Nous savons qu’effectivement les CDI publics de niveau II en début de grille sont choqués que des agents en CDD titularisés en droit privé puissent avoir une rémunération supérieure à la leur. Or ces agents n’ont pas à attendre d’opter pour, prétendument, voir régulariser cette anomalie ; nous avons proposé à plusieurs reprises d’étendre l’attribution du 13e mois et de la prime de vacances à l’ensemble des agents de droit public, ce qui de fait aurait la vertu de régler ces situations.

Il n’est pas question que le DG invoque les turpitudes liées à la fusion pour justifier le démantèlement du service public…

Concernant les agents de droit privé, la Direction tente d’introduire de nouveau dans son « projet » de CCN le coefficient 150 comme coefficient minimum, alors que ce coefficient n’était plus utilisé dans l’Assurance Chômage depuis des années (des situations exceptionnelles qui avaient été oubliées ont été rattrapées en 2007). Ce coefficient n’était plus utilisé car se rapprochant de plus en plus du SMIC en effet le 150 représentait 125% du SMIC mensuel en 1986 alors qu’aujourd’hui il ne représenterait que 106,86 % de ce dernier. (Toutes choses égales par ailleurs (ancienneté, 13em mois etc..))

Non, le DG n’est pas un « Super-DP » (délégué du personnel)…

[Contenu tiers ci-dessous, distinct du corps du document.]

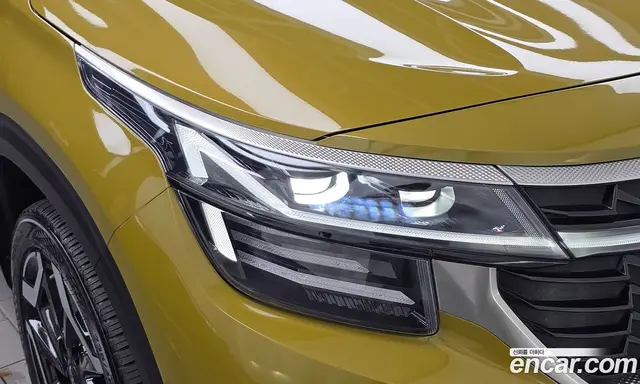 Kia Seltos 2024 1.6 автомат (гидро), миниатюра 8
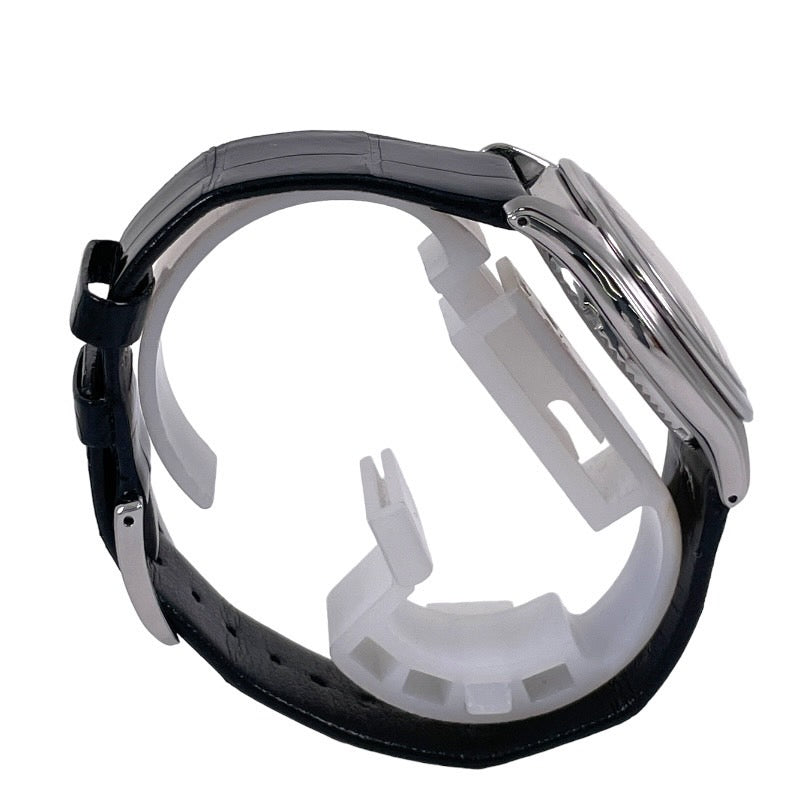 【Grand Seiko】グランドセイコー SBGX009 腕時計 ステンレススチールメンズ クオーツ 9F61-0A10 デイト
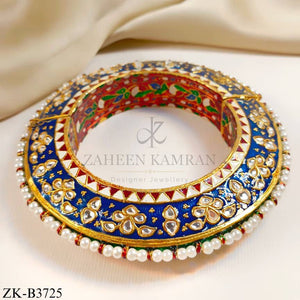 KUNDAN BANGLE
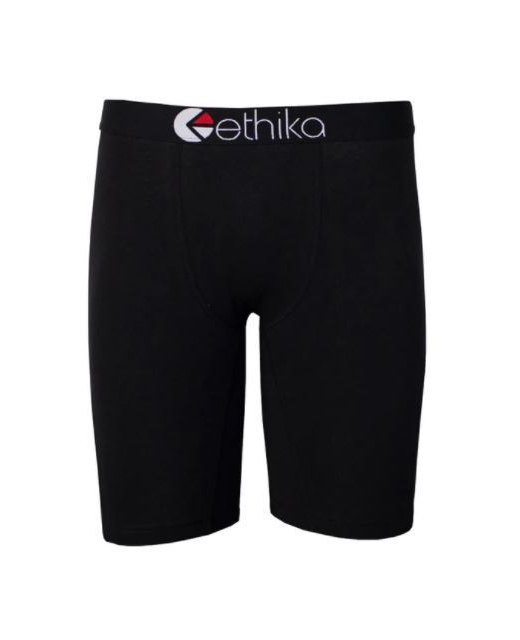 Ethika Staple Solid Underwear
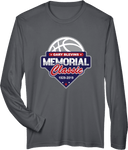 Performance Long Sleeves - Gary Blevins Memorial Classic 2026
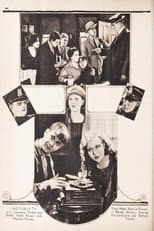 Poster for Notoriety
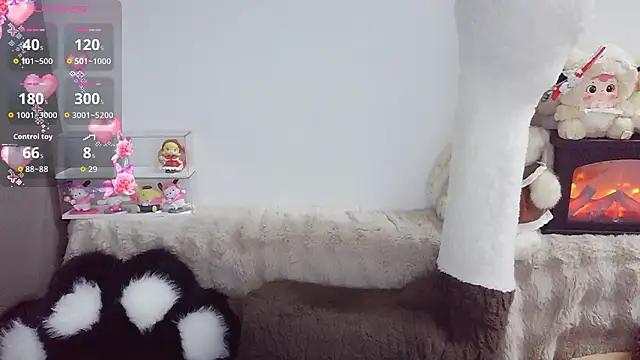 Labubu-o webcam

« Répondre à l’attente forte des personnels… j’ai pu prendre la mesure du sentiment d’inéquité au cours des visites que j’ai réalisées… les personnels attendent avec impatience les résultats de nos négociations »…
N’inversons pas les rôles : il appartient à vos représentants, à vos élus, aux organisations syndicales de défendre les intérêts de tous les personnels face à la Direction qui, elle, a une stratégie à long terme de liquidation des garanties collectives. Nous « n’avons pas les mêmes valeurs que la Direction », cela se voit partout, sur les missions, l’organisation des services (déménagements, sites mixtes), le recours aux opérateurs privés, dans mille détails de la vie au quotidien !
Il nous serait extrêmement désagréable de dire après coup « la CGT l’avait bien dit »…
Surtout, la méthode de la Direction empêche, avec son calendrier démentiel, tout travail collectif, le temps du compte-rendu et de la consultation, et cela point par point, tout au long du processus de négociation. Elle veut vous écarter de tout le processus !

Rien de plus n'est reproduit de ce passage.